It is time again to worry about earnings and warnings. This is the beginning of the earnings reporting season for fourth quarter 2010 periods. The beauty of this time of year and the problem is that 2010 doesn’t matter anymore. We are in 2011 already and that means that the forecasts of management for the future take on extra meaning. That is problematic as most managements have a distinct bias toward under-promising so they can later over-deliver on their guesses. This conservatism can be mistaken for a downbeat outlook. Just remember Cisco’s outlook in October that crushed that stock, just because they weren’t forecasting a stronger future than either their suppliers or competitors, good but not good enough. That could be one factor that keeps visiting negative surprises on this market.
We wouldn’t worry about this so much if investor sentiment hadn’t gotten too darned bullish lately. In the American Association of Individual Investors survey, which we monitor because it is free and because it is weekly as opposed to monthly, bullishness has recently been above 50%, even above 60% one week. That is darned bullish. As recently as late August the percentage of bulls was barely 20%. If we had a bunch of caution out in investor-land, we wouldn’t worry too much about bad news because most everybody else was already worried. But, not that almost no one is all that worried, we are worried. If that sounds a little paranoid, welcome to the world of the contrarian.
Investor sentiment is one of the better short-term market timing tools around so long as you use it as a contrary indicator. The more bullish people are, the less likely it is that they will be successful. The fewer bullish people there are, the more likely they will be successful. Get it? We know that it can be difficult to use contrarian analysis because it is so well contrarian.
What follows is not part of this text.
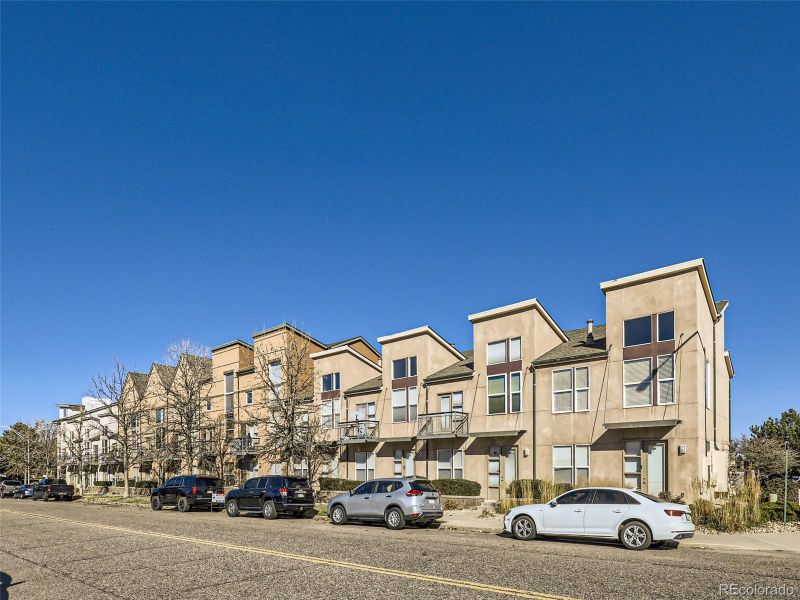 2394 S Xanadu Way, Aurora, CO 80014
Looking at hardship as a good thing is tough. But, you are reading the rantings of a guy who when the Berlin Wall came down in 1989 proclaimed that this looked like a top. What more could go right?
Most investors look at good news as good news. The contrarian has to look through the news to how people react to it. When investors treat good news with skepticism, which is a healthy sign. Since the bear market began in very late 2007, people were treating good news as good news, embracing it and largely discounting bad news. Even we were subject to this trend at the time. But, since the market collapsed in September 2008 until recently, nearly every bit of good news on the economy, the markets, anything, was treated with skepticism. That was music to our ears.
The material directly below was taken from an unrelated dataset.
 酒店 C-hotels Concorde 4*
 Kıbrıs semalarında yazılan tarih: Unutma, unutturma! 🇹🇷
We said that sentiment was a good short-term tool. Short-term is still going to be months to years, not days to weeks. Sentiment can get worse or better beyond all reason at times. But, there are some reasonable rules to follow. Each sentiment survey is somewhat different, but with a few simple statistics you can learn to read them. Most surveys have a history that you can learn from. Looking back to periods when sentiment was extreme, like 1999-2000 or 2009 in the opposite direction. At the bottom of the last bear market in March of 2009 only 19% of the AAII survey sample was bullish and 70% were bearish. At the other extreme, on January 6, 2000 the AAII survey was 75% bullish and only 13% bearish. You can’t just sit around and wait for these types of extremes to use this kind of data, but it is important to be aware of what extreme bullishness or bearishness looks like, so you can recognize it later. Only a few weeks ago, the week before Christmas, the AAII survey got as high as 63% bulls. That is a yellow flag.
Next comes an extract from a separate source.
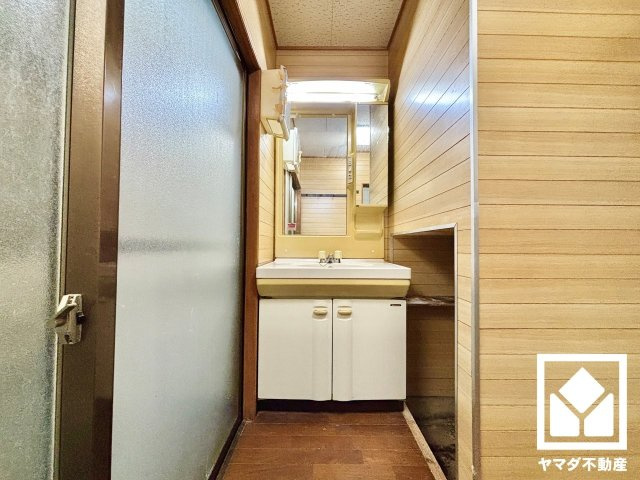 伏見区深草仙石屋敷町の独立洗面台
One of the many troubles with the late 2007 market highs was that sentiment never did reach an extreme. This was a sort of an unemotional market top, but the demise of that market came not from within, but from without. The financial panic and breakdown dragged on the market. It was not a market that got extremely overvalued and over-believed.
As market technicians like to say, the market bottoms when everyone who is going to sell has sold. It tops when everyone who is going to buy has bought. Extreme sentiment confirms those two ideas.
Issue of the Week
Is the US a junk credit? Probably not yet, but both Moody’s Investor Service and Standard and Poor’s warned that without improvement on the path of recovery and slowing of the growth of outstanding debt, the US could face a downgrade. This is significant mainly as the US benefits from the unquestioned (well only slightly questioned) strength of Treasury bonds and the role played by the dollar in international financial and trade circles.
The US Treasury debt has grown from a little more than $8 trillion to $14 trillion in a few short years (beginning under Bush and accelerating under Obama). Much of that change was due to the emergency spending surrounding the financial panic in 2008 and 2009 and special stimulus to counteract the recession, regular counter cyclical spending for income support plus reduced tax revenues by the lower level of GDP. However, even with a stronger US economy now than then, we still have deficits that are outsized. At the worst, the deficit was roughly 10% of US GDP, now it is down to ‘only’ 8%. That won’t work in the long-run. With recovery, much of the stimulus spending can come to an end. The larger issue becomes how to pay for the enormous welfare state that we have erected for ourselves without determining who is going to pay for it.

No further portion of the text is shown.